Transportation Department officials said the White House was at least particially receptive to those arguments, because General Motors has been the largest and strongest supporter of the administration wage and price guidelines.
But ultimately Adams and Joan Claybrook administrator of the National Highway Traffic Safety Administration held firm. Supported by the current fuel crisis, the two officials were able to preserve the standards despite pressure from the White House and the Department of Commerce which had publicly supported industry arguments.
After yesterday's announcement, Assistant Commerce Secretary for Policy Jerry Jasinowski said "the decision shows that the Department of Transportation has no understanding of the capital, competitive and technological problems facing the auto industry. The problems the industry faces demand a more thorough and objective hearing."
The Transportation Department did make one minor concession, however. It agreed to lower the fuel economy standard from 18 mpg to 17.2 mpg for two wheel-drive light trucks in 1981. But Claybrook said that change was made after the department had studied new data and determined the change to be fair.
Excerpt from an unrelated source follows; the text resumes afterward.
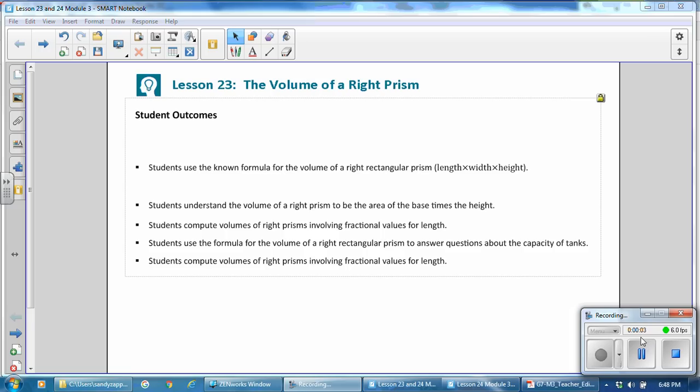This is Mrs. Zappia with Lesson 23, The Volume of a Right Prism from Module 3.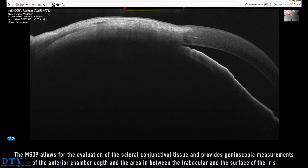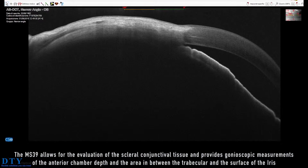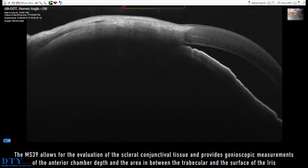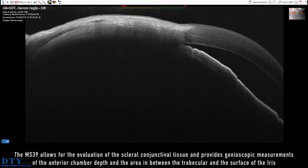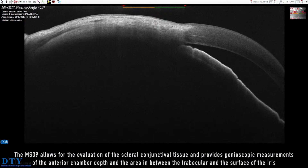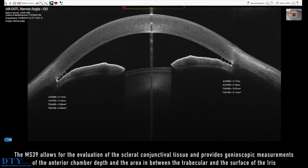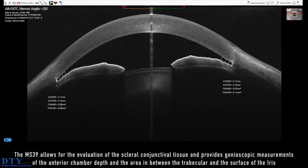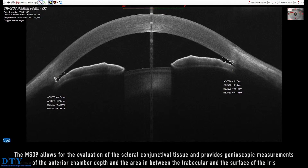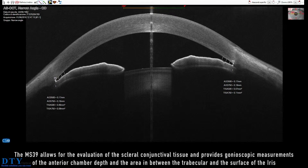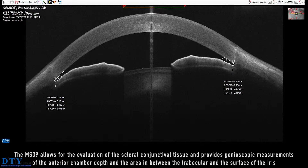MS-39 allows for the evaluation of the scleroconjunctival tissue and provides gonioscopic measurements of the anterior chamber depth and the area in between the trabecular and the surface of the iris.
The fuel economy standards for automobile fleets, the average of all vehicles made by the manufacturer, require the following averages: 1981, 22 miles per gallon; 1982, 24 mpg; 1983, 26 mpg and 1984, 27 mpg. This year's fleets have a 19 mpg requirement. The standards were set in 1977.
General Motors and Ford had requested that those numbers be revised to: 1981, 21.5 mpg; 1982, 23 mpg; 1983, 24.5 mpg and 1984, 26 mpg.
But "after much deliberation," Adams said, "we have decided that the standards originally set by the department are the most equitable for the nation as a whole."
"We have to have vehicles that will run the greatest number of miles on a gallon of gas," Adams said. "This is one of the few ways we have to press American technology to give the consumer a break."
The automakers had argued that if they were given more time to reach the tougher standards, they could ultimately save consumers money through the use of more advanced technology.
But Claybrook responded yesterday by saying "our analysis of the information submitted by Ford and GM indicates that the increases in automobile prices because of industry compliance with the current standards will be more than offest by the overall savings to consumers from reduced gasoline consumption."
She said the nation's consumers will reap net benefits of between $500 million and $680 million over the life of their 1981-1984 vehicles because of the present standards. She said those figures were based upon "information supplied by Ford and GM."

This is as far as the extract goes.